Deixem uivar os lobos nesta hora confraternal, mesa comum e cabaça à roda, chamem o taverneiro, tragam cântaros e tourigas, copos para os mais pestinheiros, o abade, o bacharel, o professor, Camões, Camilo, Eça e alguns mais que este é um vinho gostoso, penetrante, vivo, quente, que tem em si mais alma que muito poema ou livro santo!

Agora que o Inverno se prepara para assentar arraiais e a lareira aquecerá corpos e almas penso nessa frase, “Se regionalista é ter descrito outra coisa que não Lisboa, não reclamo melhor diploma”. Palavras, fortes e tonitruantes.

A região do Dão são 20 mil hectares de vinha, reunidos num périplo que inclui adegas, produtores e quintas. Às vezes parece que nos esquecemos do essencial.

O vinho pode ser o grande agregador da oferta da Região, essa unidade que muitos, enfeudados nas suas courelas, teimam em não querer lavrar. O cotovelo e a rodilhice ocupam-nos os afazeres e está-se assim. Enclausurado.

A fantástica história de uma região vinhateira com créscimos e préstimos reclama chancela no prelo. Encostas, dos socalcos, das quintas e antigos solares e dos miradouros deslumbrantes, o Dão também nos oferece outros prodígios e afirma-se.

Cá, sem favores ou intercâmbios, permutas que não nos acrescentam nem aquecem ar frio, rude e bucólico. O Dão é um enorme raio de um sol que tudo ilumina.

O Inverno é, por tradição, o reino dos tintos. Das castanhas ao bacalhau da consoada, o frio pede vinhos encorpados, untuosos, envolventes, e para essa medida há tintos. Um poderoso copo de três serão os brancos, os grandes bancos do Dão e o Encruzado, um poderoso Almirante ao Dão. Refrigério de invernos quentes na paisagem muito retalhada e telúrica, pinheiros e eucaliptos, soutos entalados no granito e as serranias, da Estrela ao Caramulo, do Bussaco ao Montemuro, sentinelas que protegem o Dão e embalam as parreiras.

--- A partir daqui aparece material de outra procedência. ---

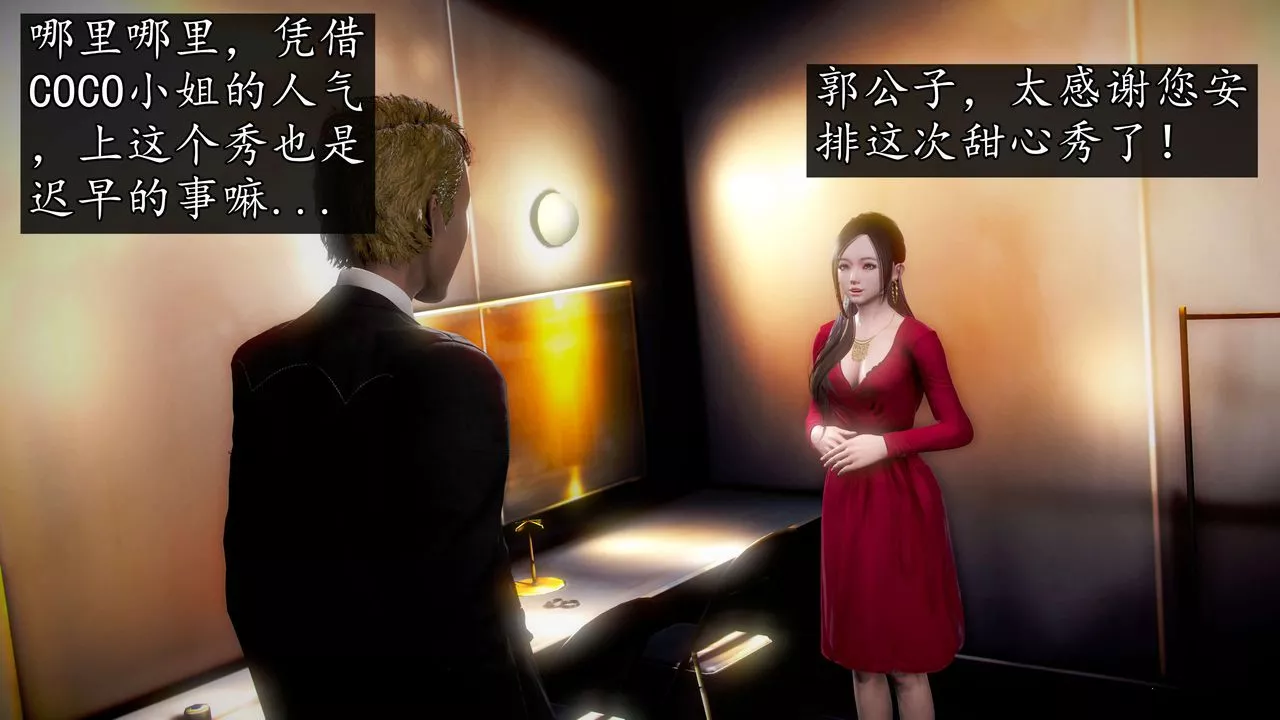 [3D]魔域人间-第46话 - 图片 69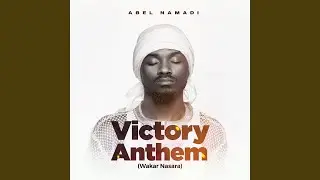 Victory Anthem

Eu estou em crer, primordial, quem investir tem retorno, fundamental, prestaremos um bom serviço ao Dão. Sentir a Região Demarcada, a grande circunscrição, apesar de tantos Girabolhos.

Focar apenas a narrativa na descrição das experiências de viagem e enoturismo, que é a melhor forma de esquecer a rigidez de um plano e desfrutar do caminho.

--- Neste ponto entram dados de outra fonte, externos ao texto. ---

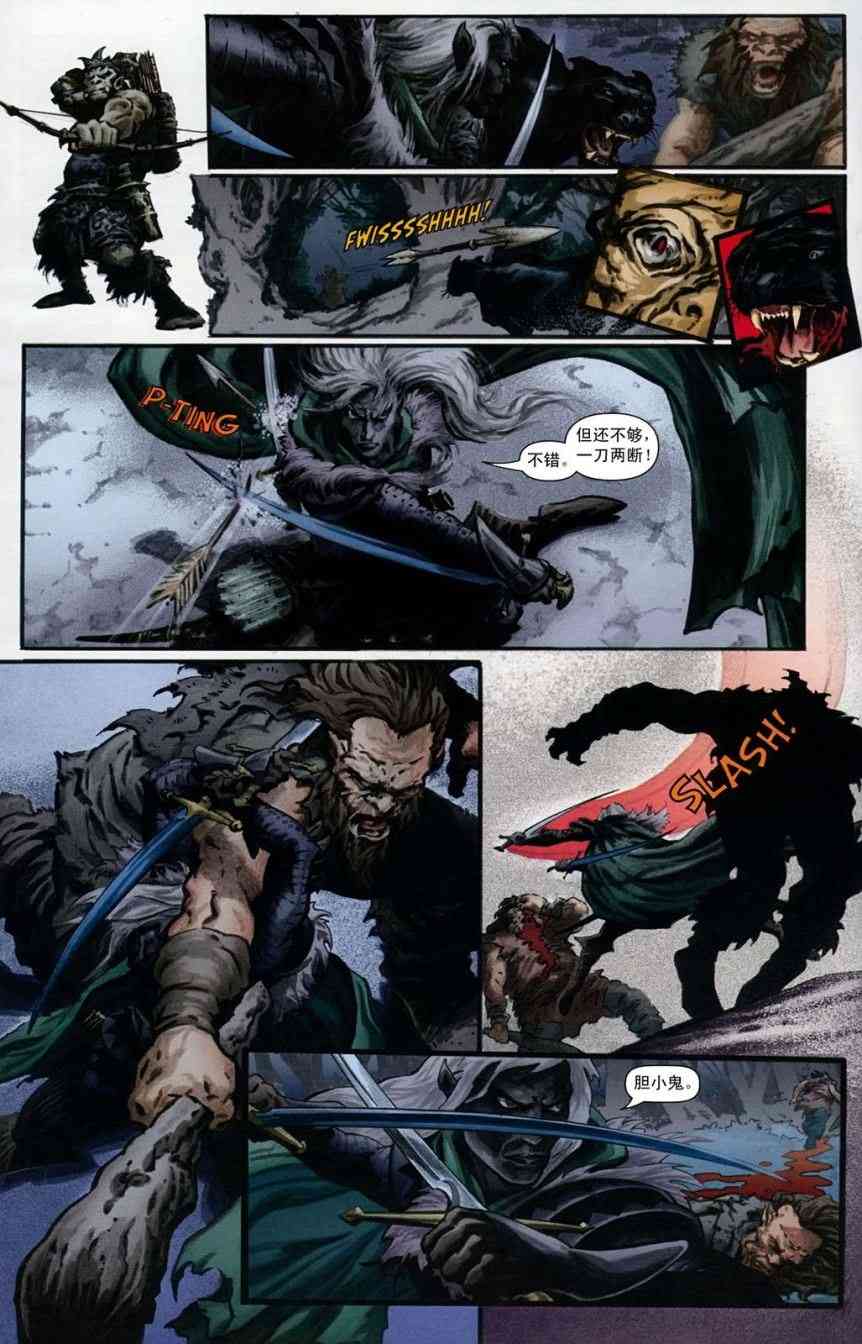 龙与地下城世界故事集1 1话 第18页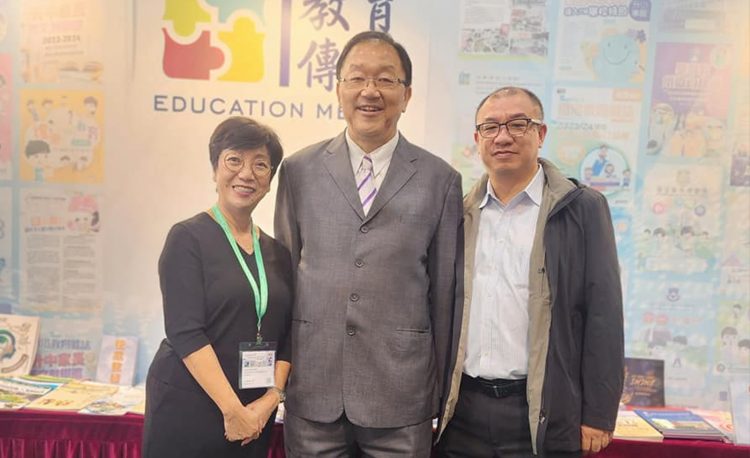 教育傳媒參展「學與教博覽2024」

E nisto vejo-lhe, de novo, essa Serra da Estrela, subo pela Ponte Palhez, cruzo Mondego entre Mangualde e Gouveia e distritos, um arcaísmo, Guarda e Viseu.

Essa, mais outra, estrada, a Nacional 232, sobre o rio Mondego. E outra para ser submersa, Girabolhos e as vinhas, estamos na sub-região da Serra da Estrela.

Ter um Palácio dos Condes de Anadia, pela partida, e um Palacete do Pires do Valle pelha chegada, eis, em tanto, o par da riqueza histórica e senhorial da região. Aldeias na montanha, tranquilidade, a elegância austera dos vinhos do Dão e a beleza rude e granítica da Serra da Estrela que os protege e define. Esqueça os mapas e desfrute do copo de vinho. E mude para o banco do copiloto. Em Tazem estão a Adega Cooperativa de Vila Nova de Tazem, em São Paio, a Casa Américo, Vinhos de altitude. A Quinta da Espinhosa, ali perto. E nisto, estou eu ao borralho.

“Comeram-lhe à tripa forra carniça refogada, cozida, assada, de porco, de vaca, de chibato, carniça para todos os paladares. O arroz estava de se trocar, por um prato dele, a imortalidade, o cabrito, rechinado no espeto e picadinho de sal, até fazia cócegas no céu-da-boca. Quem bem come, bem bebe! Acabaram a janta enfrascados e lerdos como patos na engorda”. 

Embriague-se na literatura que os livros, assim como o bom vinho, deve ser entendido para ser apreciados.

Seja responsável, traga moderação e faça-se ao caminho. Venha com passos serranos a esta Beira que é Alta. Bailem os copos que o Dão é gigante.